The U.S. Air Force is moving aggressively to modernize its information technology capabilities to ease its move to the Defense Department’s Joint Information Environment (JIE). The JIE will enable a shared information technology architecture, services and infrastructure across the entire military. But to reach its goals, the service will need to close excess data centers and improve its security policies, explained Lt. Gen. Michael J. Basla, USAF, the Air Force’s chief information dominance and chief information officer (CIO), who spoke at AFCEA NOVA’s 12th Annual Air Force IT Day on December 11.
The Air Force Space Command is currently working on the service’s JIE implementation plan that will be submitted to Teri Takai, Defense Department CIO, in January, Gen. Basla said. Among other things, the plan will define upcoming Air Force modernization efforts such as AFNet, which will operate in a joint environment. The plan also lays out a transition strategy for each of the Air Force’s capability areas: data centers, enterprise services, security architecture, network normalization, identity management and command and control capabilities. “Change will be immediate and visible in some areas, such as the migration to SIPRNet Defense email and the adoption of enterprise unified capabilities,” he explained.
Other changes, such as the migration of systems to core JIE data centers, will take longer, Gen. Basla said. After the migration, some systems such as AFNet will continue to be maintained by the Air Force. While the service will maintain some capabilities, they will operate in a joint environment. “Our expertise in cyber operations and the lessons learned from the AFNet are influencing the JIE,” he explained.

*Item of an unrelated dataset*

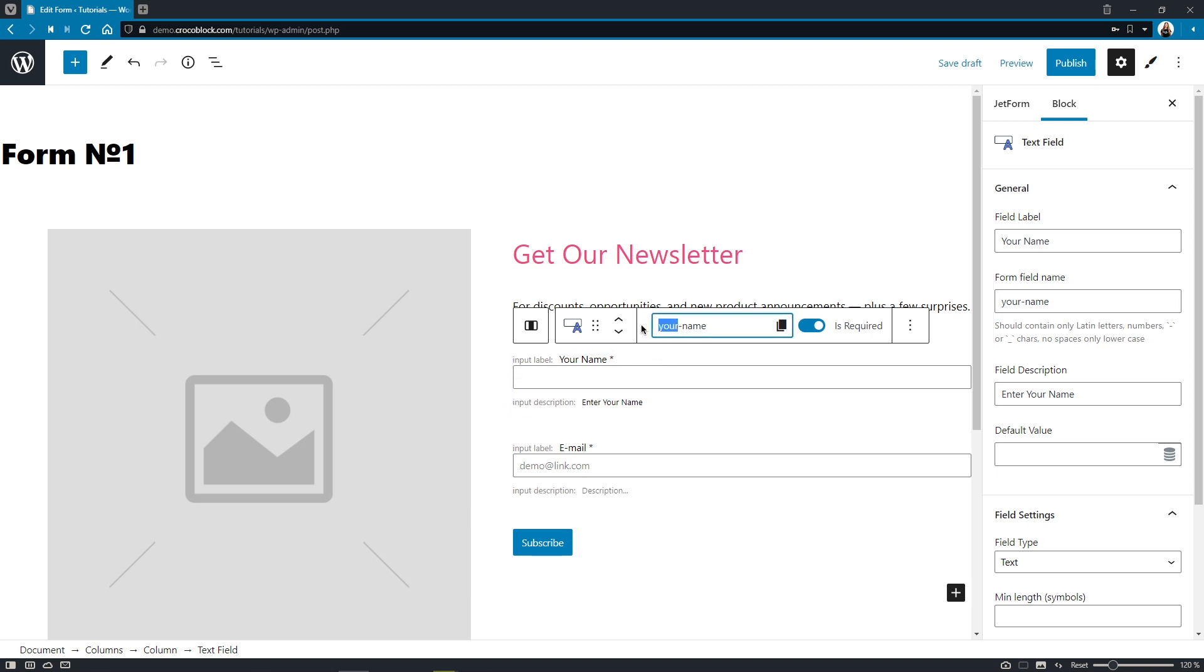Also, we can edit the form field name right here if needed and copy it in just one click. Super handy.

The Air Force has four goals for getting its part of the JIE off the ground: improving mission effectiveness, strengthening enterprise governance, providing effective information technology security and automating information technology capabilities such as creating self-healing networks. There also is a need to tap into the other services' capabilities to help stand up the JIE, Gen. Basla said. To meet its JIE goals, the Air Force is aligning its information technology policies to meet the Defense Department CIO’s goals, he added.

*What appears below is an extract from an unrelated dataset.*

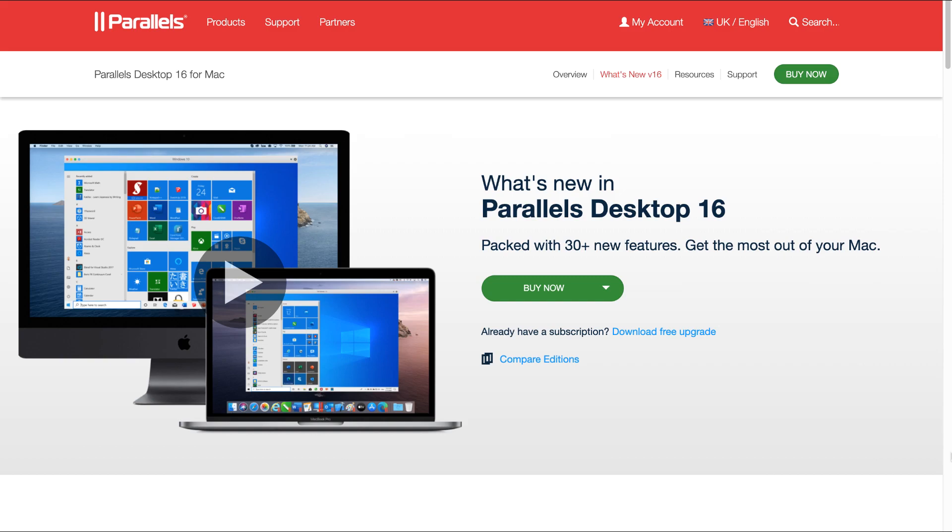Hi everyone, Skog here from productspotlight.net. Parallels Desktop 16 for Mac has just been released yesterday, and in this video I will be briefly going over the new features.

As a part of its information technology modernization process, the Air Force is cutting its infrastructure costs by consolidating its data centers. But the process has taken longer than planned. “I’m not happy at all; it’s taking too darn long,” Gen. Basla admitted.

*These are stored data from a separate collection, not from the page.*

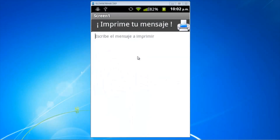Hey guys, this is a new video about App Inventor where I'll teach you how to print a document or a file by creating our own app.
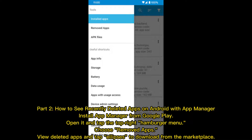Part 2: How to see recently deleted apps on Android with App Manager. Install App Manager from Google Play. Open it and tap the top right hamburger menu. Choose Removed Apps, view deleted apps, and tap Ellipses to download from the Marketplace.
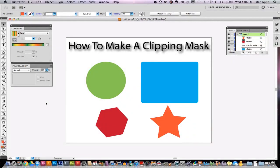Welcome back again to another Tech Guru video. Today we are in Adobe Illustrator CS5. I'm going to be showing you how to make a clipping mask.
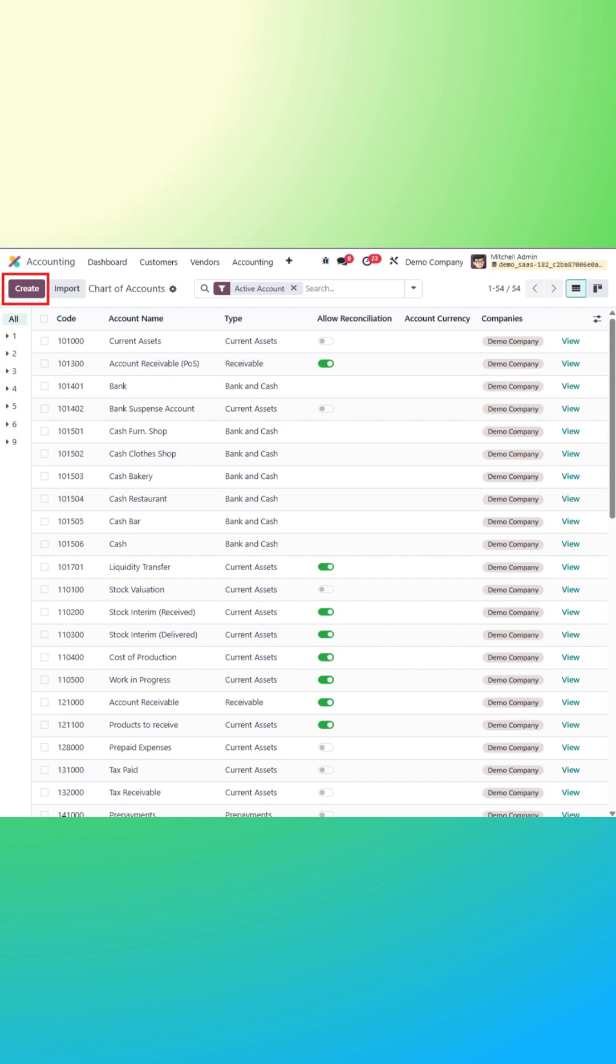Enter a unique code, a descriptive name, and select the appropriate account type, such as asset, liability, income, or expense.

To speed things up, Gen. Basla maintained that the service needs to revise how it is approaching the consolidation process. While it reduced the number of data centers, a number of things must be considered, such as identity and lifecycle management, he observed. As a first step, the Air Force is cataloging its data centers and reaching out to industry for expertise and advice, he said.
The Air Force is also in the process of migrating its email to Defense Enterprise Email as a part of its modernization efforts. Gen. Basla noted that the NIPRNet migration at Air Force headquarters is almost complete, which will align the service with the Joint Staff and Pentagon efforts. The Defense Information Systems Agency (DISA) is helping the Air Force in this process. In the next few months, he said that the service will begin migrating its Defense Enterprise Email to the SIPRNet.
Security concerns are another aspect of the service’s modernization efforts. The Air Force has reduced its Internet access points from more than 100 to 16, which is a more efficient way to defend its networks, Gen. Basla said. Cutting down the number of access points got the attention of DISA, and limiting them is now a security cornerstone for the JIE, he added.
The Air Force will also begin deploying next-generation firewalls in early 2015 as part of setting up its JIE compliant installation processing nodes, Gen. Basla said. The firewalls and the processing nodes will be part of a “commoditized infrastructure” that will be used across the service. This infrastructure will create a place for deploying new capabilities. It also will allow commanders to focus on coming up with new capabilities instead of building base and facility infrastructure, he said.
Clearing up the information technology acquisition process is another part of the service’s modernization efforts. The Air Force is improving its standard baseline—a strategic technical document designed to mesh with JIE and DISA policies, Gen. Basla said. The improved baseline, which he referred to as the “2B baseline,” is being developed by Air Force Space Command and will cover the service’s short-, medium- and long-term technology goals.
The 2B baseline is an implementation baseline, specifying the protocols, guidelines and overall state of the Air Force’s cyberdomain, Gen. Basla explained. The baseline will also develop the configuration specifications for hardware and software products the service acquires. The Air Force Space Command is also managing the Air Force operations baseline, which is the “as-is” cyberdomain architecture, he adds. The Air Force has also released a target baseline for Web applications. When these various baselines are complete, they will ensure that various capabilities are “baked in” for the entire information environment as opposed to only being present in parts of it, he said.